The Price Moves First. DEX Routes Fray Before the Exit.

A quote is the first place where exit risk becomes observable—not as a failed trade yet, but as route fragmentation, output deterioration, and summary-field ambiguity.

One price, many routes: a price mark enters a DEX quote with output, pool hops, and API price impact; proposed routes branch from one to twelve hops while execution success or revert remains outside the article's measurement

Most users read a DEX quote as a number. I read it as an evidence object: pool hops, split paths, output rate, API priceImpact, block state, and the transaction boundary ahead.

Solana Data’s recent comparison of blockchain metrics across providers makes a broader measurement problem visible: a shared label does not guarantee a shared construction path. A DEX quote has the same problem one layer lower: one output number can compress different pools, fee tiers, intermediate tokens, and split routes.

DEX exit risk does not begin at transaction failure. In this run, it began when the quote stopped looking like a single price and started looking like a route map—before any swap was sent.

Price marks the position. After it moves, the loss can still take different forms: an execution haircut, a failed swap, a delayed redemption, or a withdrawal that cannot clear. Those outcomes do not share one measurement. This post asks what the quote layer exposes before execution.

I swept Uniswap classic routes from $100 to $1M (USDC → WETH, LINK, AAVE, MKR) on June 17, 2026. At larger sizes, several quotes drew on more pools and intermediate hops. One pair also showed a sign disagreement between the API priceImpact field and the output-rate direction.

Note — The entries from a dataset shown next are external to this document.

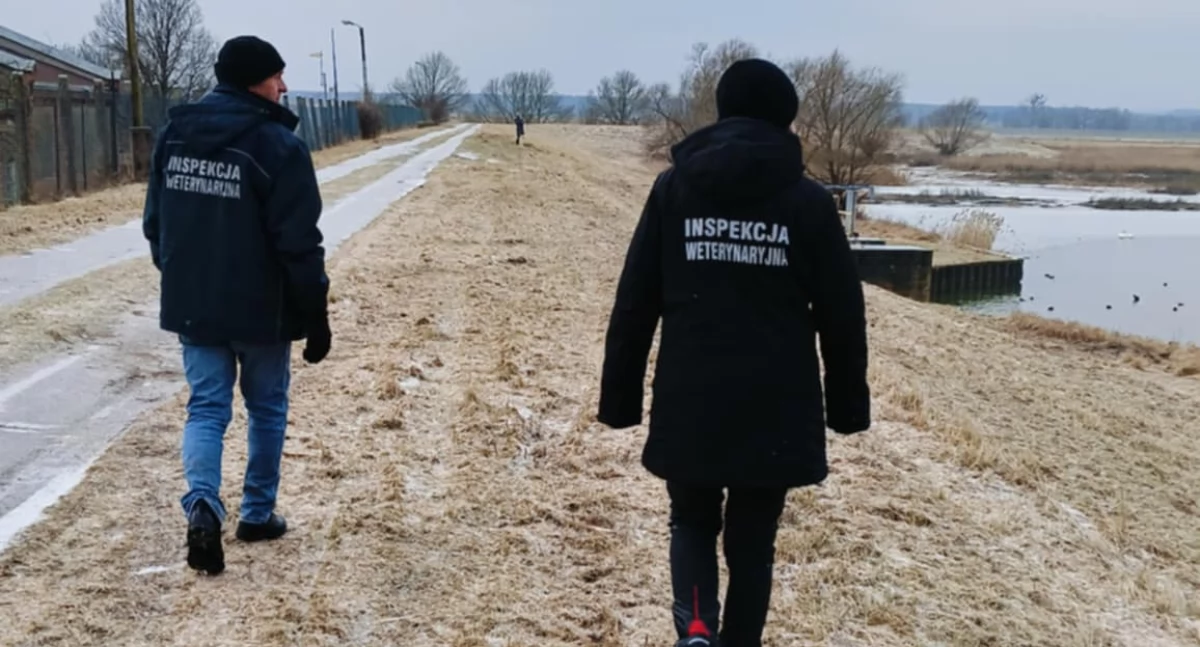 Znaleźli martwe łabędzie w oklicy przepompowni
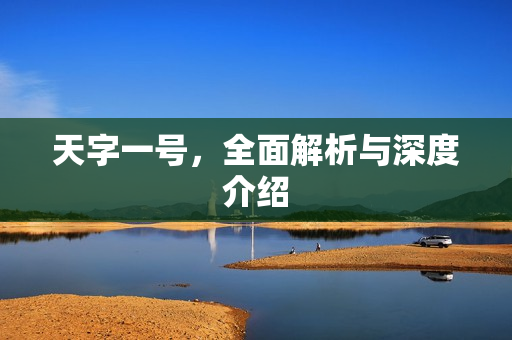 天字一号，全面解析与深度介绍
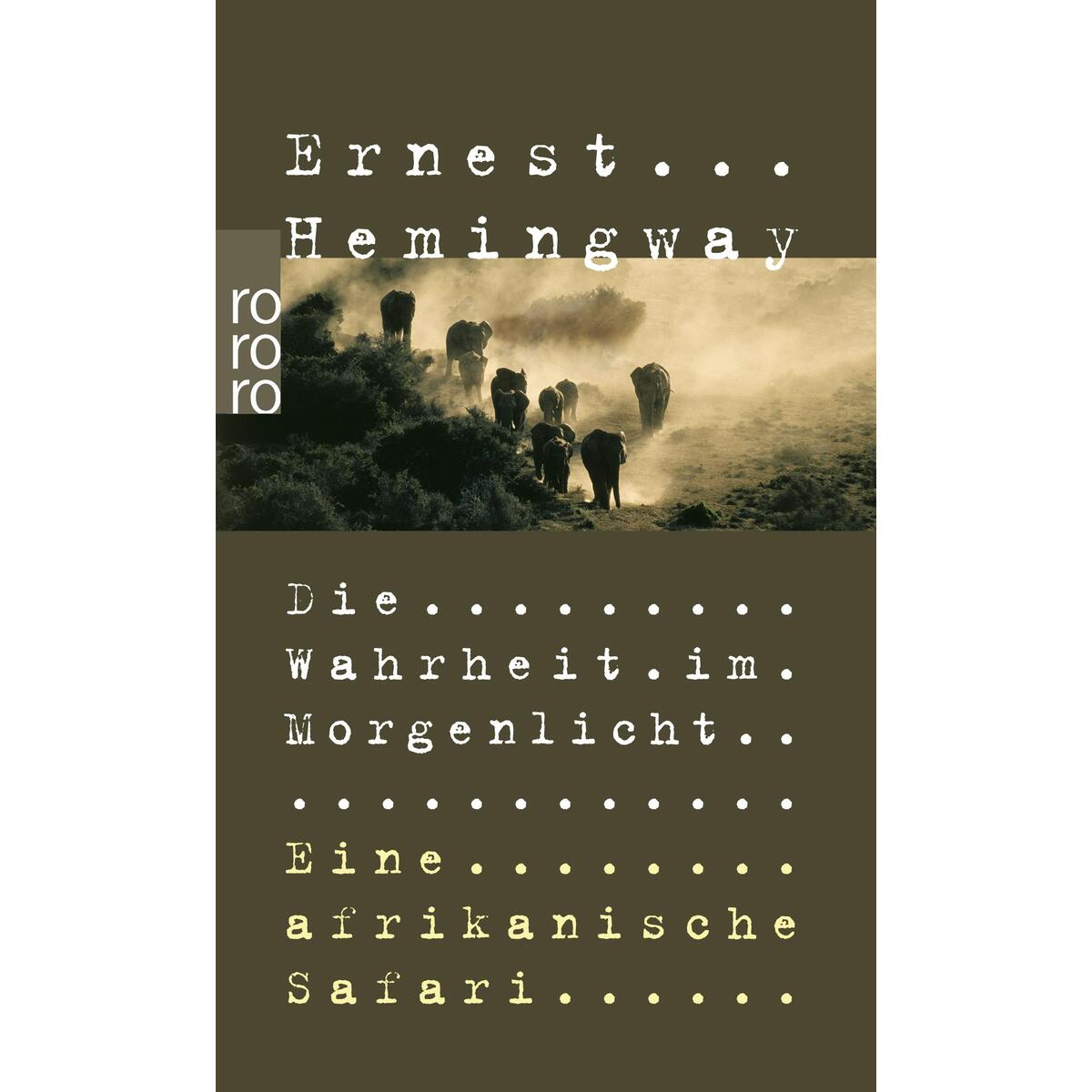 Die Wahrheit im Morgenlicht von Rowohlt Taschenbuch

Market stress makes exit capacity worth asking about. The useful parallel from the SpaceX access episode is narrower: centralized venues can cancel, refund, or issue replacement objects when an upstream allocation fails. A DEX route has no default actor who can create the replacement object. Once the quote becomes a transaction, failure moves to pool state, transaction constraints, token controls, and execution outcomes.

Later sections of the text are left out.